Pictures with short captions
Start of Block

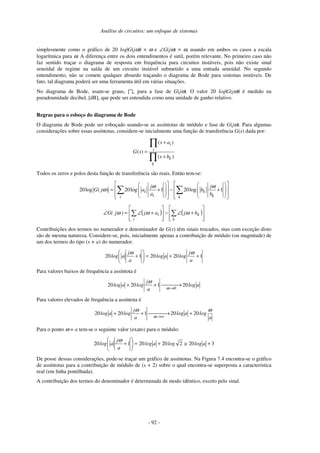 Análise de circuitos: um enfoque de sistemas
- 92 -
simplesmente como o gráfico de 20 log|G(jω)| × ω e ∠G(jω) × ω, usando em ambos os casos a escala
logarítmica para ω. A diferença entre os dois entendimentos é sutil, porém relevante. No primeiro caso não
faz sentido traçar o diagrama de resposta em frequência para circuitos instáveis, pois não existe sinal
senoidal de regime na saída de um circuito instável submetido a uma entrada senoidal. No segundo
entendimento, não se comete qualquer absurdo traçando o diagrama de Bode para sistemas instáveis. De
fato, tal diagrama poderá ser uma ferramenta útil em várias situações.
No diagrama de Bode, usam-se graus, [o
], para a fase de G(jω). O valor 20 log|G(jω)| é medido na
pseudounidade decibel, [dB], que pode ser entendida como uma unidade de ganho relativo.
Regras para o esboço do diagrama de Bode
O diagrama de Bode pode ser esboçado usando-se as assíntotas de módulo e fase de G(jω). Para algumas
considerações sobre essas assíntotas, considere-se inicialmente uma função de transferência G(s) dada por:
( )
( )
( )
i
i
k
k
s a
G s
s b
+
=
+
∏
∏
Todos os zeros e polos desta função de transferência são reais. Então tem-se:
20log ( ) 20log 1 20log 1i k
i ki k
j j
G j a b
a b
ω ω
ω
      
   = + − +   
            
∑ ∑
( ) ( )








+∠−








+∠=∠ ∑∑
k
k
i
i bjaj)j(G ωωω
Contribuições dos termos no numerador e denominador de G(s) têm sinais trocados, mas com exceção disto
são de mesma natureza. Considere-se, pois, inicialmente apenas a contribuição de módulo (ou magnitude) de
um dos termos do tipo (s + a) do numerador.
12020120 ++=





+
a
j
logalog
a
j
alog
ωω
Para valores baixos de frequência a assíntota é
alog
a
j
logalog 2012020
0
 →++
→ω
ω
Para valores elevados de frequência a assíntota é
a
logalog
a
j
logalog
ωω
ω
202012020 + →++
∞→
Para o ponto ω = a tem-se o seguinte valor (exato) para o módulo:
32022020120 +≅+=





+ aloglogalog
a
j
alog
ω
De posse dessas considerações, pode-se traçar um gráfico de assíntotas. Na Figura 7.4 encontra-se o gráfico
de assíntotas para a contribuição de módulo de (s + 2) sobre o qual encontra-se superposta a característica
real (em linha pontilhada).
A contribuição dos termos do denominador é determinada de modo idêntico, exceto pelo sinal.
 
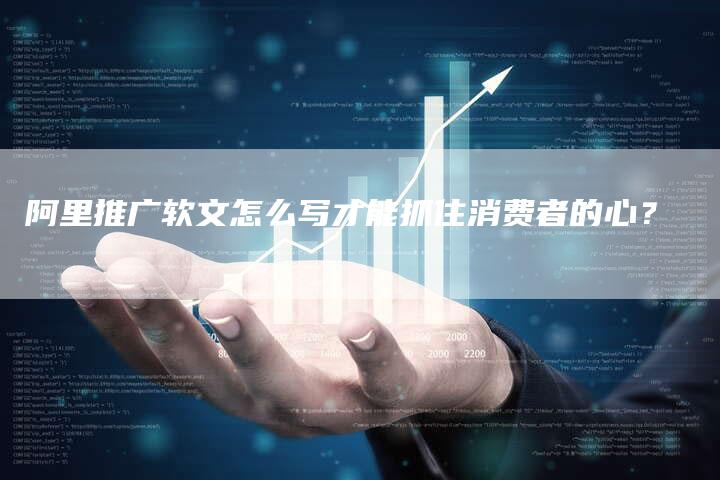 阿里推广软文怎么写才能抓住消费者的心？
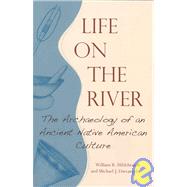 Life on the River : The Archaeology of an Early Native American Culture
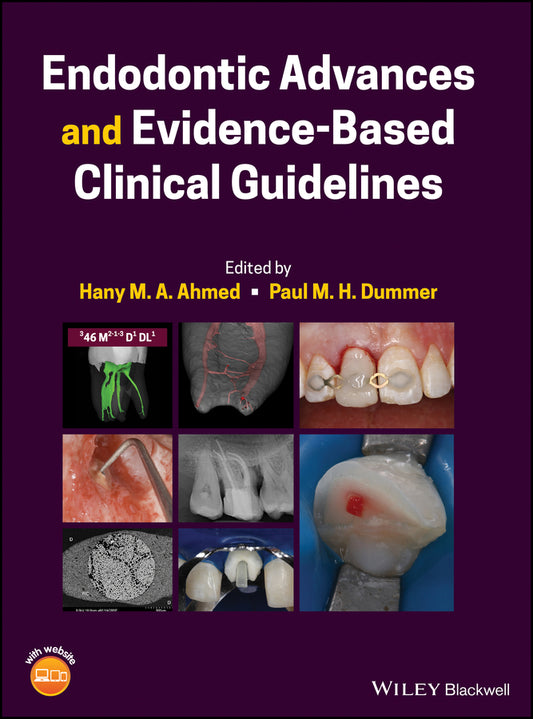 Endodontic Advances and Evidence–Based Clinical Guidelines (Hardback) 9781119553885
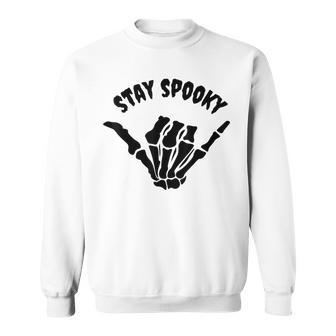 Stay-Spooky Skeleton Creepy Funny Halloween Skull Hand Sweatshirt - Seseable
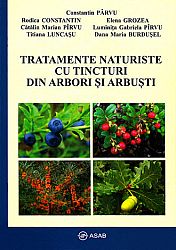 Tratamente naturiste cu tincturi din arbori şi arbuşti 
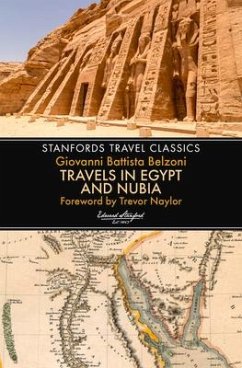 Travels in Egypt & Nubia (Stanfords Travel Classics) - Belzoni, Giovanni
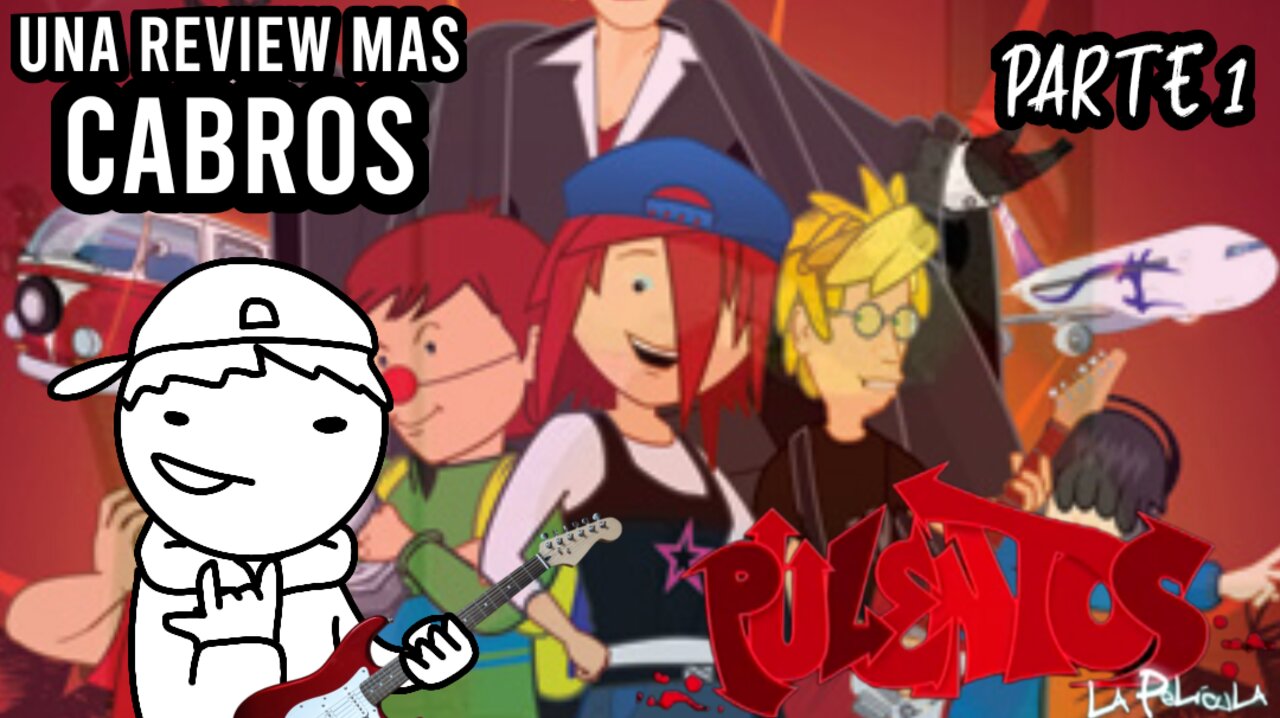 Pulentos: La Pelicula (Parte 1/2) - Una Review Mas Cabros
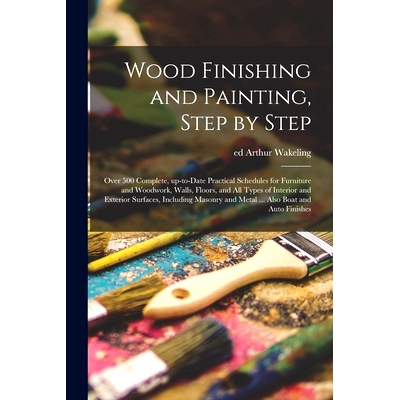 预订 Wood Finishing and Painting, Step by Step; Over 500 Complete, Up-to-date Practical Schedules for Furniture and Wood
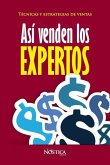 Así Venden Los Expertos: Técnicas y estrategias de ventas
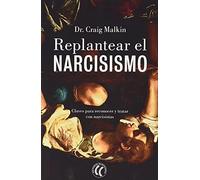 Replantear el narcisismo: Claves para reconocer y tratar con narcisistas (SIN COLECCION)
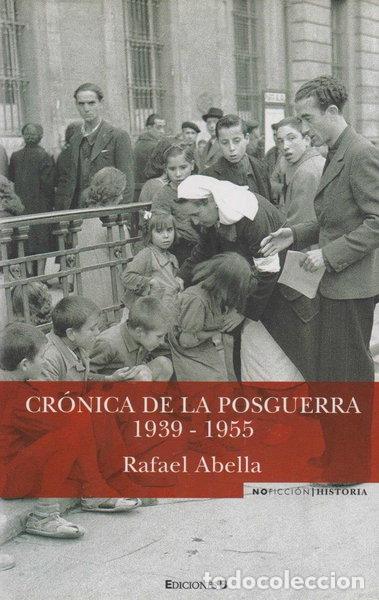 Libros: Cr&oacute;nica de la posguerra, 1939-1955- 9788466638883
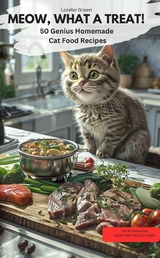 MEOW, WHAT A TREAT! – 50 Genius Homemade Cat Food Recipes - Lorelei Green Lorelei Green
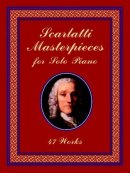 Scarlatti Masterpieces for Solo Piano: 47 Works Scarlatti Masterpieces for Solo Piano: 47 Works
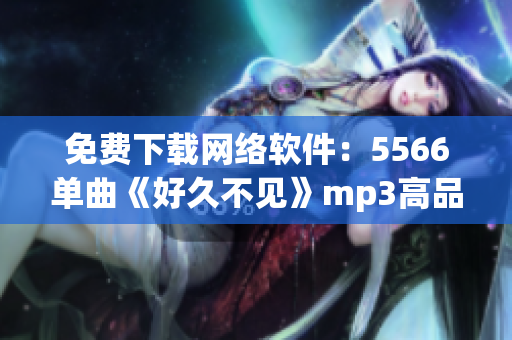 免费下载网络软件：5566单曲《好久不见》mp3高品质音频享受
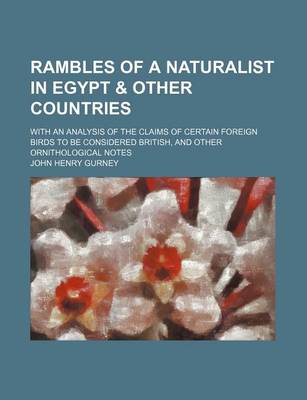 Book cover for Rambles of a Naturalist in Egypt & Other Countries; With an Analysis of the Claims of Certain Foreign Birds to Be Considered British, and Other Ornithological Notes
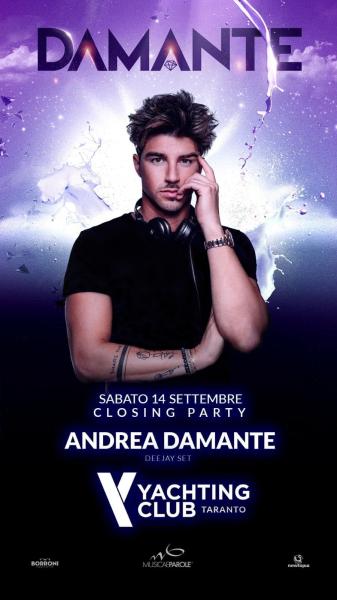 CLOSING PARTY WITH ANDREA DAMANTE DJ SET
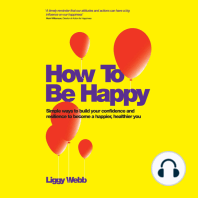 How To Be Happy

End of Block

Description of the task
Copy each line above holding "denominador".

Your response
Contribuições dos termos no numerador e denominador de G(s) têm sinais trocados, mas com exceção disto
A contribuição dos termos do denominador é determinada de modo idêntico, exceto pelo sinal.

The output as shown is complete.